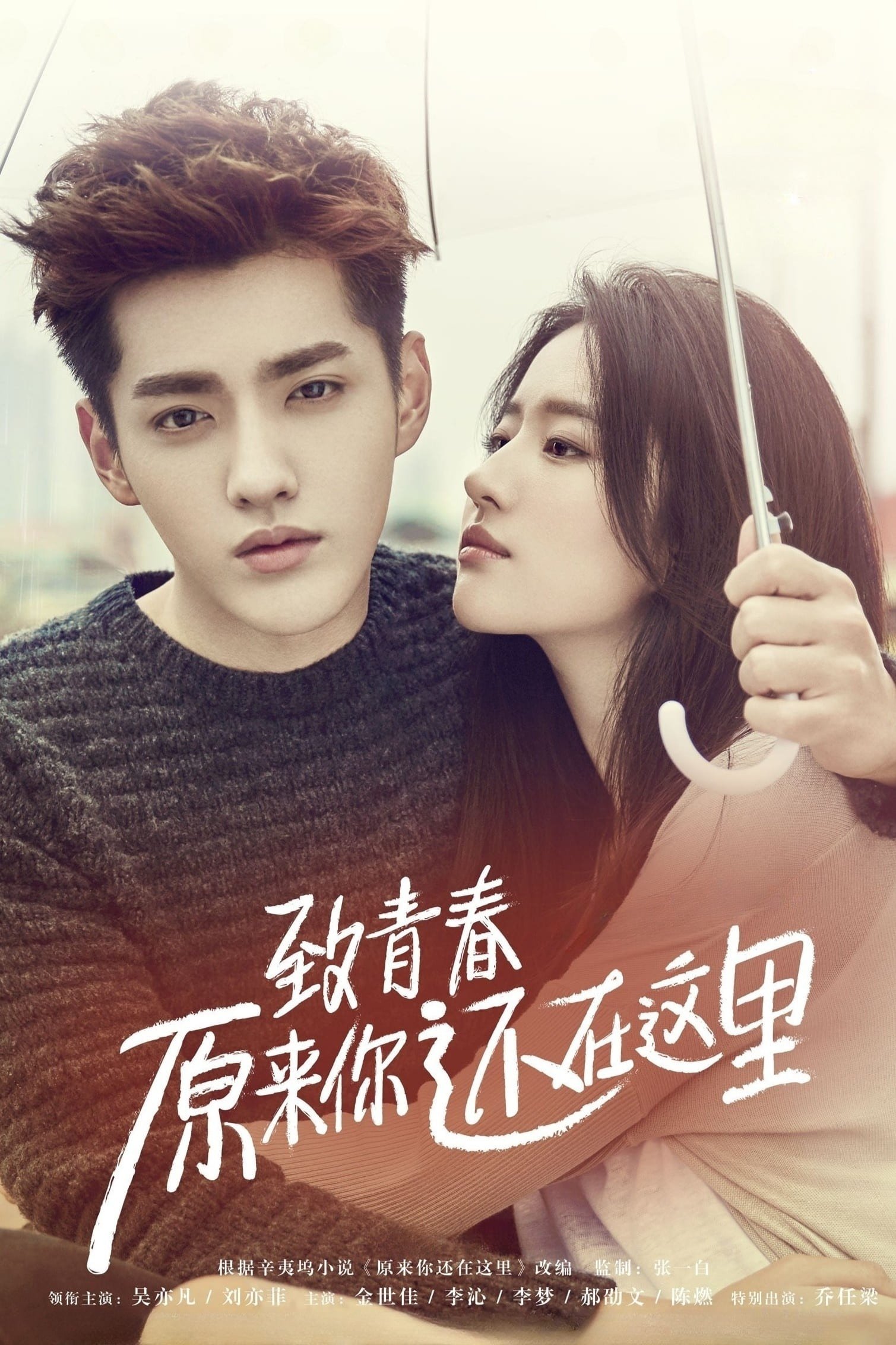Poster de 致青春·原来你还在这里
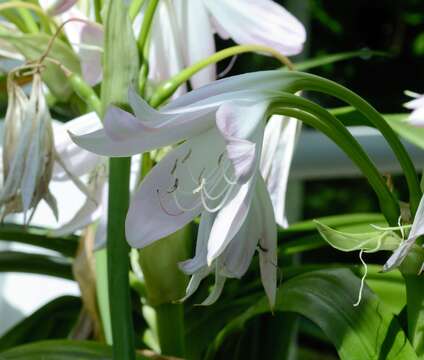 Image of Crinum moorei Hook. fil.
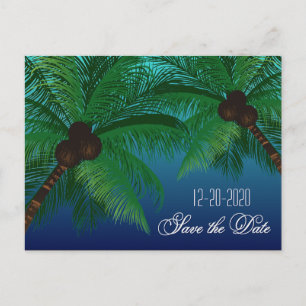 Postal De Anuncios Boda de Playa Tropical Palm Tree Save the Dates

- _The problem_: Your task is to restate word for word the lines from the one containing "Image of Crinum moorei Hook. fil." through the last line of the data, both ends included, with no pictures.

- _Solved problem_:
 Image of Crinum moorei Hook. fil.
 Postal De Anuncios Boda de Playa Tropical Palm Tree Save the Dates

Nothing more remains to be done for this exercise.